Toxicity: strong leaf deformation, similar to that caused by hormones, may be induced by severe boron toxicity.
Calcium deficiency
- Role in the plant: calcium is an essential constituent of the cell walls contributing to their structural rigidity.
- Symptoms of deficiency: the young leaves and the leaf tips become chlorotic, smaller and slightly curled (photo 12). In the case of severe calcium deficiency, plants may be stunted. As calcium is not very mobile in the plant, symptoms are typically located on the apical parts of the leaves, stems and sprouts. Necrotic and black tips on the sprouts (photo 13) as well as tuber internal rust spot are sometimes related to a lack of calcium availability.
Iron deficiency
- Role in the plant: iron is essential to plant respiration, electron transfer and the photosynthesis reaction.
- Symptoms of deficiency: young shoots and leaves are pale yellow or even whitish because the chlorophyll formation is impaired, however the veins remain green and marked (photos 14 and 15). In the case of severe deficiency, plants are stunted and all the top leaves may be chlorotic. Iron deficiency is rare, except in some calcareous, high pH or clay soils where soil iron may be fixated, therefore becoming less available for the plant.
Magnesium deficiency
- Role in the plant: magnesium is an essential element for the process of photosynthesis (because it forms part of the chlorophyll molecule) and is also involved in protein production. Magnesium is therefore essential to plant growth, particularly during tuber bulking.

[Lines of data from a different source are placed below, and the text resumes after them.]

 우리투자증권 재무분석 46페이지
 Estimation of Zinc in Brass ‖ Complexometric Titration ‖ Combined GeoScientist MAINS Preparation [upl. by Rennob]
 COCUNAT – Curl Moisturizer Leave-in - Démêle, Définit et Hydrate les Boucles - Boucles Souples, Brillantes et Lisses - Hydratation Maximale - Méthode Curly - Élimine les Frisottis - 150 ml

- Symptoms of deficiency: the bottom leaves first present mild interveinal, pale-green to yellow chlorosis (photos 16 and 17) which subsequently turn brown and finally become necrotic (photos 18 to 20). Such lesions are not unusual on potato plants, during the last part of the growing season, particularly on some cultivars. Lesions are typically located on the central part of the leaflets, except on the veins of the older leaves (as magnesium is highly mobile in the plant).
Manganese deficiency
- Role in the plant: manganese is important chiefly for the process of photosynthesis and as a metabolic activator.
- Symptoms of deficiency: the young upper potato leaves have a dull green colour and show interveinal chlorosis with many small necrotic dots, localised mainly along the veins (photos 21 and 22). The plants are smaller, with necrotic areas on leaf margins (photo 22).

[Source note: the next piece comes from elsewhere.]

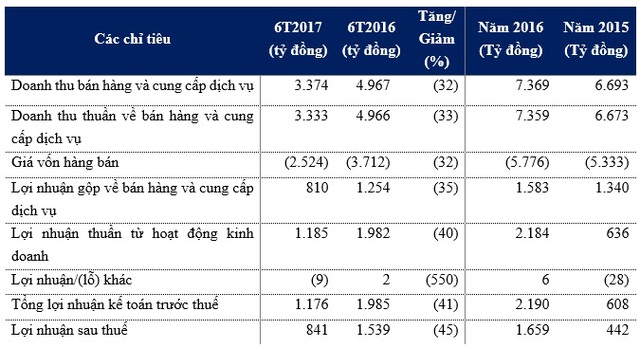 
Nguồn: Báo cáo Tài chính hợp nhất Quý II/2017 của Tập đoàn Novaland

Toxicity: excess of manganese, particularly in acidic soils, may cause the formation of pale green leaves and numerous necrotic spots on stems, petioles and can cover the entire leaf surface.
Sulphur deficiency
- Role in the plant: sulphur is a constituent of certain amino acids and proteins.
- Symptoms of deficiency: there is an overall chlorosis i.e. yellowing of the foliage (photos 23 to 25) which can be confused with nitrogen deficiency. Deficiencies are usually observed during the early stages of crop development but later, the upper leaves may become paler than the bottom ones and show necrotic spots in the central parts of the leaflets. Lack of sulphur encourages early maturing.
Salinity phytotoxicity
The potato is a highly salt susceptible crop and damage due to excessive salinity occurs in certain warm regions, where crops are irrigated with saline water and/or where high temperatures cause major evaporation and lead to the presence of high quantities of mineral salts on the soil’s surface. Excessive salinity, i.e. concentration of salts, in irrigation water or in the soil may be phytotoxic for some crops such as the potato and so reduces the plant’s growth and yield (photo 26).